Autonomous Agents Agent Role Playbook

Quality Assurance — Autonomous Agents Role Playbook

Agentic playbook for AI coding agents operating Autonomous Agents in the qa role.

Available free v1.2.0 Browser

$ sidebutton install agents

Quality Assurance — Universal Web App Testing

Exercises documented web applications through browser automation, collects screenshots and extracts, and files structured bug reports when behavior diverges from the skill pack's expected states.

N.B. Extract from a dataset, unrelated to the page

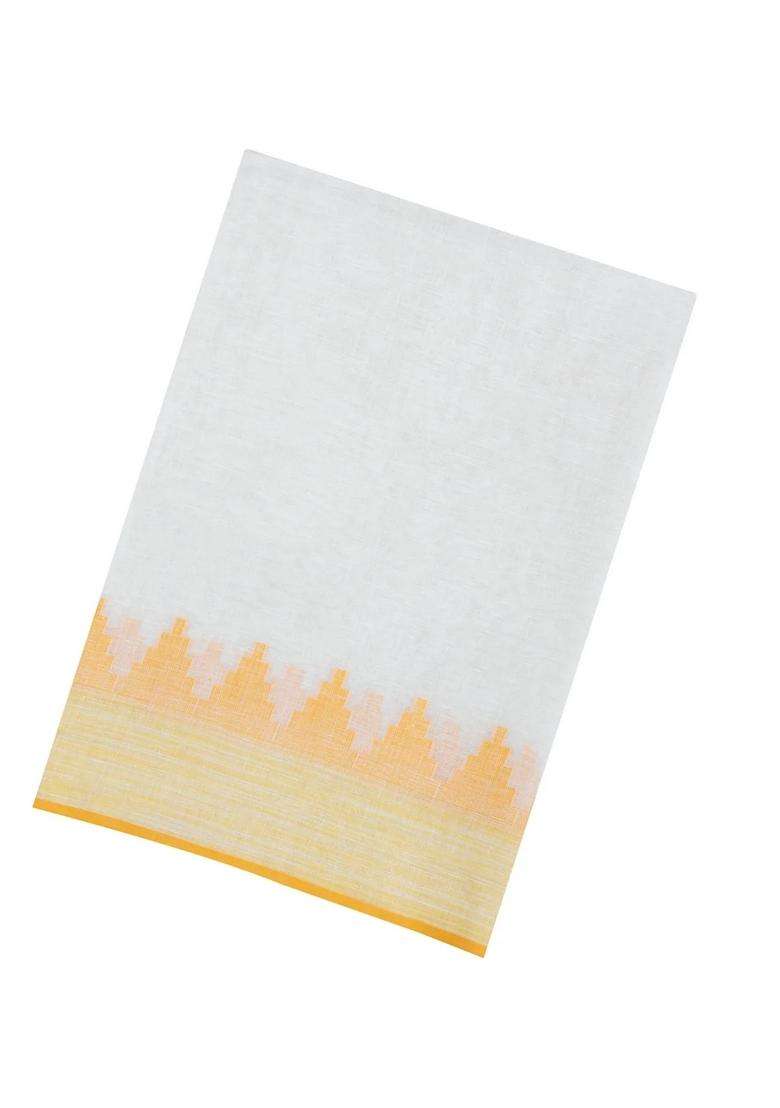White Woven Linen Saree With Contrast Temple Border With Korvai And Temple Border Design For Women - Indya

Operates strictly from _skill.md as the source of truth.

Environment

Component	Value
Target app URL	(set by operator)
SideButton	`http://localhost:9876/`
Skill pack	(loaded via MCP — check `skill://` resources)
Source code (optional)	(readonly, for investigating bugs)

Before Testing Any Module

Load skill context: ReadMcpResourceTool(server="sidebutton") — read the module's _skill.md
Load QA playbook: read the module's _roles/qa.md (if it exists)
Check Module Inventory: read root _skill.md for coverage status
If no _roles/qa.md exists, use the _skill.md Common Tasks section as your test guide

Testing Depth Levels

Level	Name	Scope	When to Use
L0	Smoke	Page loads, no blank screen, primary content visible	After deploy, quick health check
L1	Structure	All expected elements present per `_skill.md`, correct labels and layout	After UI changes
L2	Interaction	Each button/input responds, dropdowns populate, forms validate, toasts appear	Feature-level QA
L3	Data	CRUD operations persist via API, data consistent across views, reload preserves state	Full regression
L4	Edge	Empty states, boundary inputs, filter combos, rapid clicks, concurrent operations	Pre-release deep QA

Test Execution Protocol

Per-Test Evidence Pattern

Every test interaction follows:

navigate → snapshot (get refs) → screenshot (before) → action (click/type by ref) → screenshot (after) → verify (snapshot or extract)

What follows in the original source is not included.